◆ HOW TO COMPLETE THIS TASK: Omitting all images, give the entries that follow again exactly as they read.

[Source records]
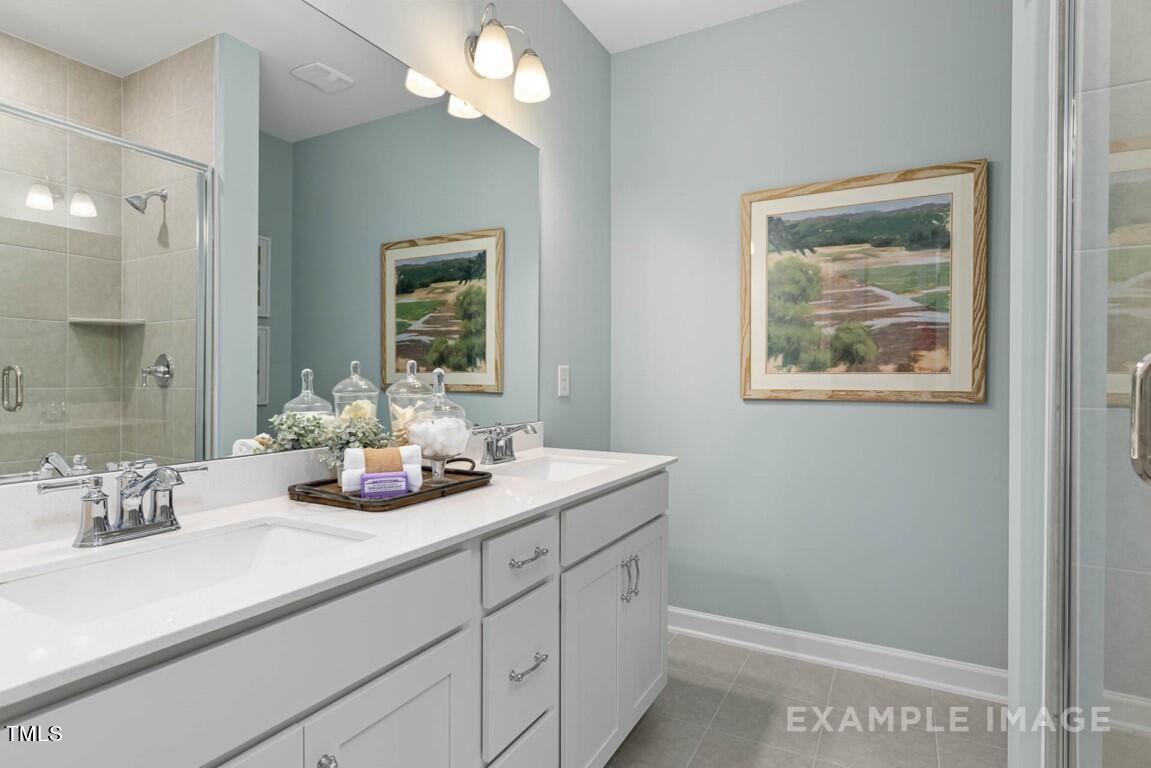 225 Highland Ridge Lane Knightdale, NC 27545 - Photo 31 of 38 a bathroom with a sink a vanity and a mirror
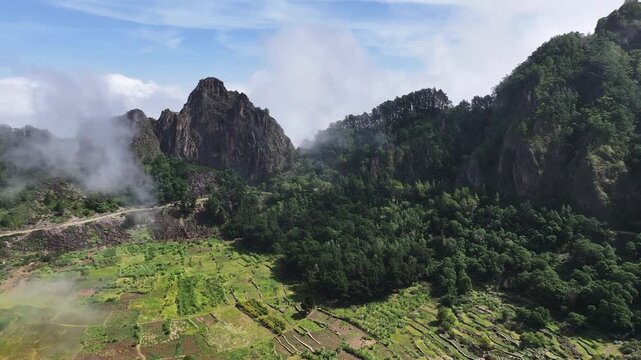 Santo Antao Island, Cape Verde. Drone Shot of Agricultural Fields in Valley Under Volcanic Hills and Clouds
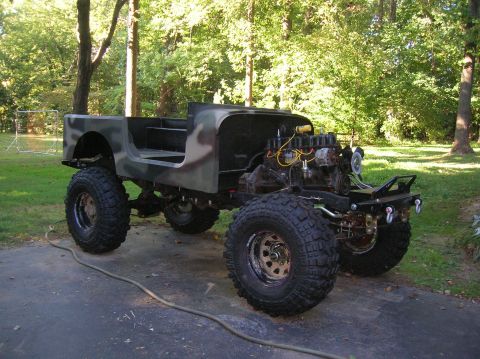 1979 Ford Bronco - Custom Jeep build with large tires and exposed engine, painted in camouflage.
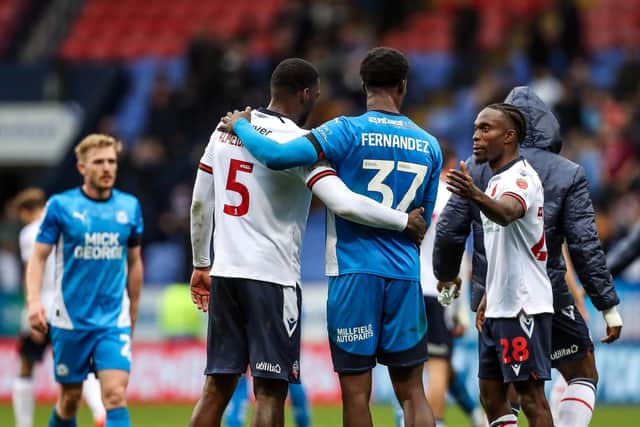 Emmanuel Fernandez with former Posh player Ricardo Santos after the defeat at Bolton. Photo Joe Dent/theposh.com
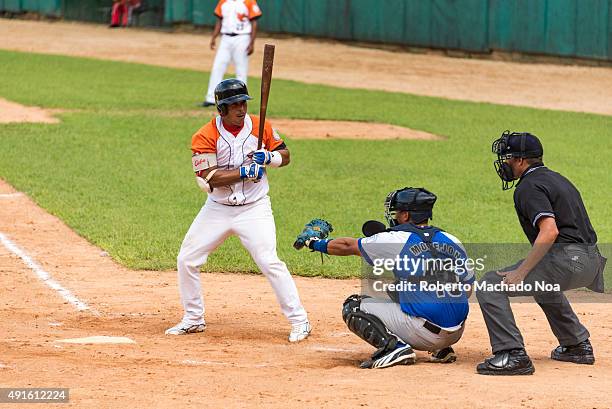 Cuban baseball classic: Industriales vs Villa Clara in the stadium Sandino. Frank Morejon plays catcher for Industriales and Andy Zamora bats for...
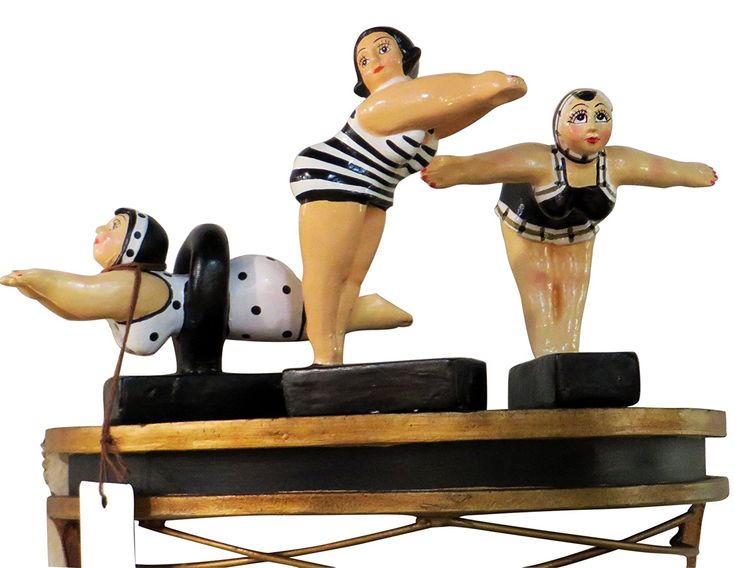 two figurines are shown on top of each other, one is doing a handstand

◆ ANSWER BOX:
 225 Highland Ridge Lane Knightdale, NC 27545 - Photo 31 of 38 a bathroom with a sink a vanity and a mirror
 Santo Antao Island, Cape Verde. Drone Shot of Agricultural Fields in Valley Under Volcanic Hills and Clouds
 1979 Ford Bronco - Custom Jeep build with large tires and exposed engine, painted in camouflage.
 Emmanuel Fernandez with former Posh player Ricardo Santos after the defeat at Bolton. Photo Joe Dent/theposh.com
 Cuban baseball classic: Industriales vs Villa Clara in the stadium Sandino. Frank Morejon plays catcher for Industriales and Andy Zamora bats for...
 two figurines are shown on top of each other, one is doing a handstand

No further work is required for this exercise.